Here’s Jason Segal and Neil Patrick Harris having a crack at it:

Even though they’re doing it for laughs, there’s still some tension.  NPH makes a menacing Javert.  But even when it’s done for realsies, you can get some major passion in the scene:

Oooooh.  Javert with so much passion that he even spits a bit.  That’s a little bit gross.

Crowe simply does not have the vocal chops to bring the game to Jean Valjean.  Most of the way through the film, I had to wonder if the police deliberately sent the Arnold Rimmer of the French Police to hunt down the guy who stole some bread and then skipped on his parole.

It is difficult to excuse how terrible he is.  Here he is releasing Valjean:

When I saw some of these clips, I wondered if it was just the sound quality through YouTube.  No.  He really is that shocking.  He seems to think he’s in some sort of rock opera.

The second problem is the conversion of a musical to film.  Perhaps the most successful transitions between stage to film were The Rocky Horror Picture Show and Grease.  Neither of these films are particularly strong on plot, nor are they particularly weighty subjects.  When aspects of theatre creep into the action — such as people joining in for songs, non sequitur dance sequences, and the inconsistent ability to hear the person singing three feet away from you — the audience dismisses it as part of the theatricality of the films they are watching.

Les Miserables tries to be a genuine film which uses the music as the foundation.  The style of the film is closer to the modern blockbuster than it is to RHPS or Grease.  But this means that those creeping aspects of theatre become almost comical.

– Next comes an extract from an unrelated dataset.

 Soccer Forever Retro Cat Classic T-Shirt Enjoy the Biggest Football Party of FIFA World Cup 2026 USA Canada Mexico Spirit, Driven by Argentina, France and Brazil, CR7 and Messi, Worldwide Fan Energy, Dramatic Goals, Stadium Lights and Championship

For example, Valjean is on the run from Javert.  He has narrowly escaped with Corsette and now, in silence, flees down alleyways.  Fortunately — serendipitously — he bumps into an ally.

Valjean is so happy to meet an ally that he forgets that he’s trying to elude Javert and sings a song at the top of his voice.  The result is less Les Miserables and more Pirates of Penzance:

There’s something absurd about musical theatre.  It’s melodramatic.  Why are people singing about their feelings like this?  If somebody acted this way in real life, you’d think that they had gone a bit funny in the head.  The only way to make sense of it is through appeal to the context of watching musical theatre.

But modern audiences don’t have that sort of attitude towards film.  We watch films and expect that what’s on the screen is a factual account of the narrative.  I think even the concept of an ‘unreliable narrator’ would confuse modern film-goers.

So when people are singing about each other within earshot, the characters should be able to hear each other.  That’s how films work.  And if they can’t hear each other, something’s gone weird.

At the very least, modern audiences expect consistency.  Sometimes, the characters can hear each other…  Other times, characters can overhear each other…  Sometimes, random characters in the background can join in for a line or two in a song…  But the soliloquies don’t work.  They are visibly confusing.

The result is an absurdity in both senses.  The actions are lost without context, and the only response available to the audience is laughter.

It’s almost a shame, then, that they chose to go with Les Miserables and not Gilbert and Sullivan.  The incompatibility of theatrical elements with expectations of film audiences would, if anything, make the experience funnier.  I’m not even a fan of G&S and I’d still go watch.

In conclusion, don’t go see Les Miserables.  Crowe is terrible and the film is broken.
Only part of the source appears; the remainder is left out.